#### Records shown ####

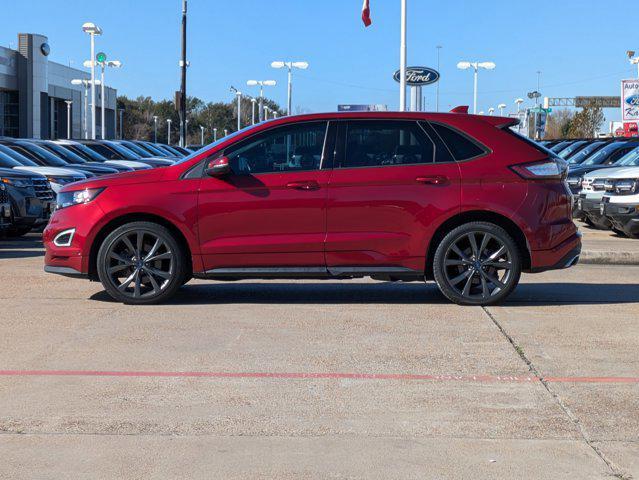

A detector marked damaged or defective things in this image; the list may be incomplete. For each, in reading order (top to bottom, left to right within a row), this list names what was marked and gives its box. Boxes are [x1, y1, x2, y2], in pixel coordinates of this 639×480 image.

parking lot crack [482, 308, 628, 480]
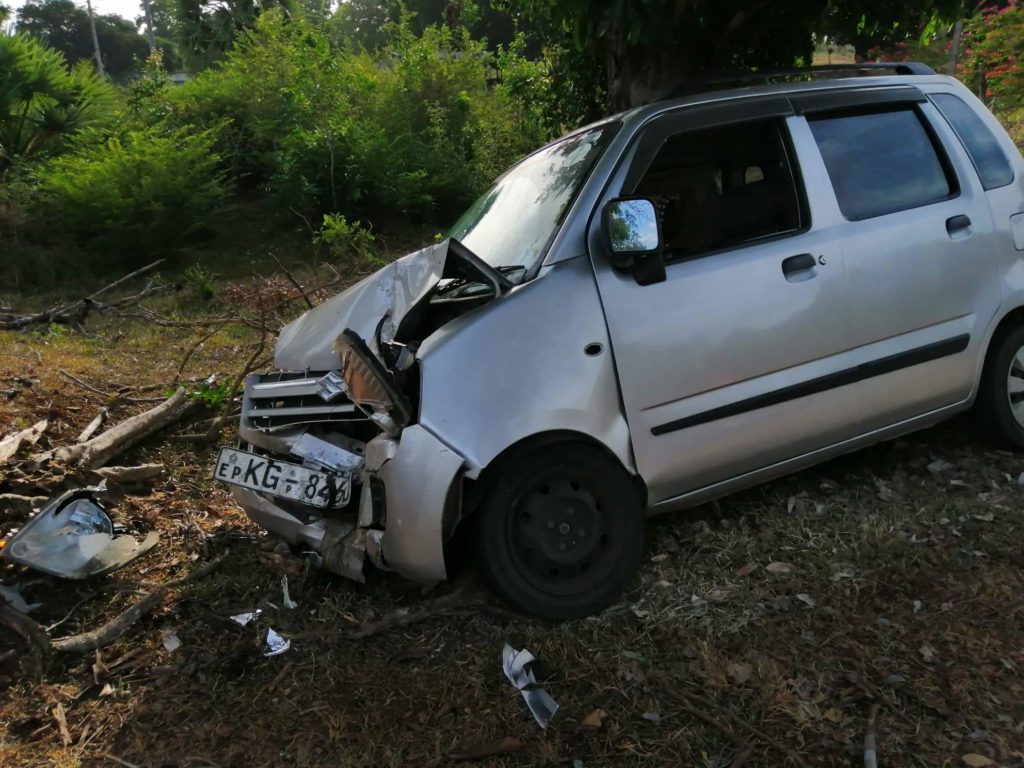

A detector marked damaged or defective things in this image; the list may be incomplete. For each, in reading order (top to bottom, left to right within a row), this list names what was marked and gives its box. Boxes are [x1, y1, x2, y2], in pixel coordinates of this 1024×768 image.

####
#### Records shown ####

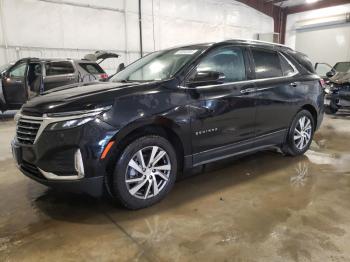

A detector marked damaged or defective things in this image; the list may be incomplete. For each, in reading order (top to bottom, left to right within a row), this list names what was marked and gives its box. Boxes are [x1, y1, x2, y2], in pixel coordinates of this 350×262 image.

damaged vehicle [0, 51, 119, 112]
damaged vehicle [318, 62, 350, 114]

####

Your answer should consist of the lines above between those holding "this 639×480 image." and "this 1024×768 image.", inclusive, reproduced word for word and without pictures.

A detector marked damaged or defective things in this image; the list may be incomplete. For each, in reading order (top to bottom, left to right within a row), this list names what was marked and gives its box. Boxes are [x1, y1, x2, y2], in pixel coordinates of this 639×480 image.

parking lot crack [482, 308, 628, 480]

A detector marked damaged or defective things in this image; the list may be incomplete. For each, in reading order (top to bottom, left to right within a row), this list names what was marked and gives its box. Boxes are [x1, y1, x2, y2], in pixel coordinates of this 1024×768 image.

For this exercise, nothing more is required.